Addressing guests at the official plant opening, Jamestrong CEO Alex Commins said the company was delighted to be part of the growth story that is infant formula production in Australia New Zealand.
“Clearly this is an industry where safety is everything and failure, right through the supply chain, is simply not an option," Commins said.
“At Jamestrong, we understand the critical nature of controlling hazards, defining risks, and complying with quality and food safety certifications through our entire process.
“We are driven by brand protection of our customer. We are building our culture around best-in-class high-care facility manufacture to ensure the integrity and compliance of our product that will naturally flow into [the customer's], and then onto [their] final customers... the 20 million or so babies born each year in the China, and the lesser number born in our local markets.”

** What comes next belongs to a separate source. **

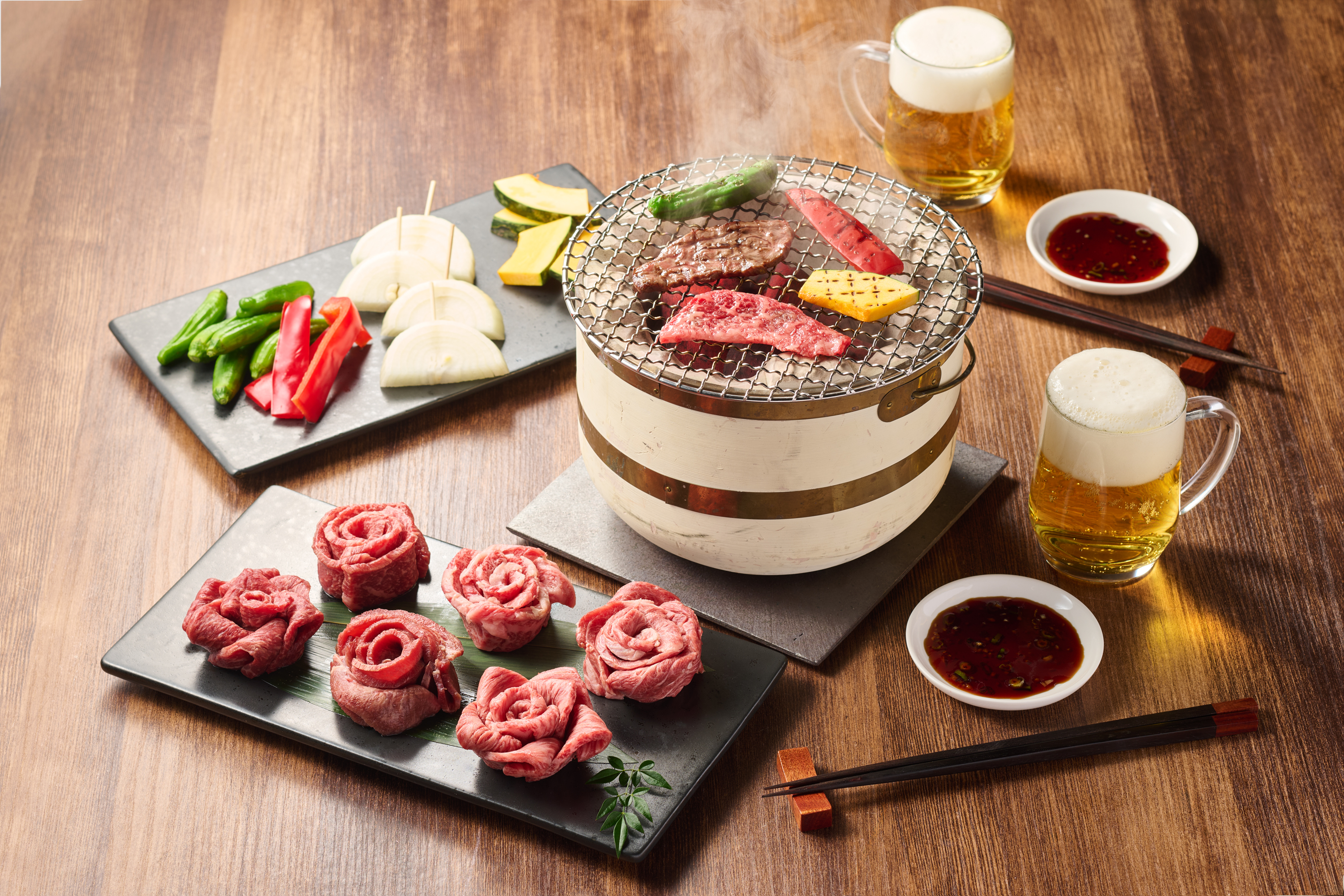 【父の日】造花付き黒毛和牛５種と牛タンの花盛り焼肉用（特別価格）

For Jamestrong, proximity to customers is key – shipping large empty cans any distance makes no sense commercially. So it came as no surprise, following Synlait's recent announcement of its manufacturing investment in Auckland, that Commins took the opportunity at the Hornby event to announce that the company is in the process of securing a further site for an additional high care can manufacturing facility in Auckland, with expectations that it will have its first saleable commercial cans rolling off that line by January or February 2019.
Commins said what the new can lines mean for the region is that they bring 30 years of infant formula manufacture in the ANZ market to a “new level of food safety, quality and brand protection”.